Remark 4. The left-recursive rules are alot more complicated than the right recursive rules - couldn’t we just say E → T + E , E → T ? Two problems - in parsing top- down we see a T - how deep do we have to read into the part of the input after the T to figure out if there is a +E following, or another +T? This has practical implications for the complexity of the algorithm. In the syntax from example 4.2, if the next thing after a T is not a +, we know immediately that we have reached the end of the sums.
6
A deeper problem - How do we know the two grammars 4.1 and 4.2 represent the same language? For examples 4.1 and 4.2, we have an algorithm that transforms the right-recursive 4.1 to the left-recursive 4.2, and the algorithm can be proved correct - this gives us a proof that both grammars define the same language. Absent a specific algorithm tht we can prove correct, we have no way of proving that two grammars define the same language. We could do this to FA because they are finite - so we could define straightforward (although high complexity) algorithms to make an NFA deterministic, and to minimize the resulting DFA and compare the final, minimal aotomata. Since a regular language is given by the structure of the automaton, if we minimize two different automata they either end up having the same graph or not. Since transforming NFA to DFA and minimizing do not change the language, comparing the final minimal DFA gives us the answer.
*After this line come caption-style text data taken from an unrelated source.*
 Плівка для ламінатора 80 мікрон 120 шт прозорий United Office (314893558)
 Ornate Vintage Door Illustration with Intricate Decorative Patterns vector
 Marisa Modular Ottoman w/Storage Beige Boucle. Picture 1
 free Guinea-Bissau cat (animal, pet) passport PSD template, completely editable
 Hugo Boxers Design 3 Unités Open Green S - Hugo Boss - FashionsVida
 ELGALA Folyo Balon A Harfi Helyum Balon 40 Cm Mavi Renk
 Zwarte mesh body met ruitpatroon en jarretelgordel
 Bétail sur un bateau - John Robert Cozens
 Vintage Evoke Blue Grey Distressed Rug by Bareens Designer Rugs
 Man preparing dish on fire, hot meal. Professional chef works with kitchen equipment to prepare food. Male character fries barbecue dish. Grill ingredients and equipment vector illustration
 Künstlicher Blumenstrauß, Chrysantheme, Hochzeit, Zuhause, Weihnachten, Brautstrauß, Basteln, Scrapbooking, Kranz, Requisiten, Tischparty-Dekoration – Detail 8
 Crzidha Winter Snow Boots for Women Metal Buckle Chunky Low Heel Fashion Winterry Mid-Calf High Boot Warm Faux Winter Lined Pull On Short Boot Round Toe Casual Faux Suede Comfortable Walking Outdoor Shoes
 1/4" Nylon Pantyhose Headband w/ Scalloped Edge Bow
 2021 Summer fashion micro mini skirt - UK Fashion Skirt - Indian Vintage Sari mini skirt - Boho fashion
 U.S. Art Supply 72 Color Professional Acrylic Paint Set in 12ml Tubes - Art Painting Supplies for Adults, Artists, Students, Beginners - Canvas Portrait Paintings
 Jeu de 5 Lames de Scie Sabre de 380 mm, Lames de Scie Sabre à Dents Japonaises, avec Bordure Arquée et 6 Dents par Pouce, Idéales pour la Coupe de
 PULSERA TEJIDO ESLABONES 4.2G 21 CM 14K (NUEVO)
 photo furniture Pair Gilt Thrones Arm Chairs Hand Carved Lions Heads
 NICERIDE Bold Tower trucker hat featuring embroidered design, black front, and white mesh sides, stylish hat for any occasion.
Pushdown automata (PDA) and Turing machines are technically infinite, not finite machines - because a complete state of a PDA includes an arbitrarily deep stach (or tape, for a TM). It turns out that we do not have an algorithm to decide if two PDA have the same language, we have no algorithm to determine a minimal PDA. The situation gets more complicated when we consider the language (of a PDA or CFG). Recall that a language L ⊆ T∗ (Why not (N ∪T)∗? because text in the language is made up of terminals - the non-terminals are part of the grammar, and different grammars, with different sets N can represent the same language). There is a chicken-egg problem here - how do we know a what a language L is, without a grammar? So typically we start with a context-free grammar (CFG). Once we have a grammar G for language L, we know there are other grammars for L. Is some grammar G′ have the same language? We dont have an algorithm to decide this, unless G′ is the result of an algorithm applied to G - for example, if G is a grammar with epsilon productions, we coule apply an algorithm that converts it to epsilong-free. We can start with our example grammar 4.1 and apply an algorithm to eliminate left-recursion - this gives us the right-recursive grammar in example 4.2. So we know that 4.1 and 4.1 are grammars for the same language. If we just write a new grammar with E → T + E insted of E → E + T it certainly looks like the same language, but we have no way of proving it.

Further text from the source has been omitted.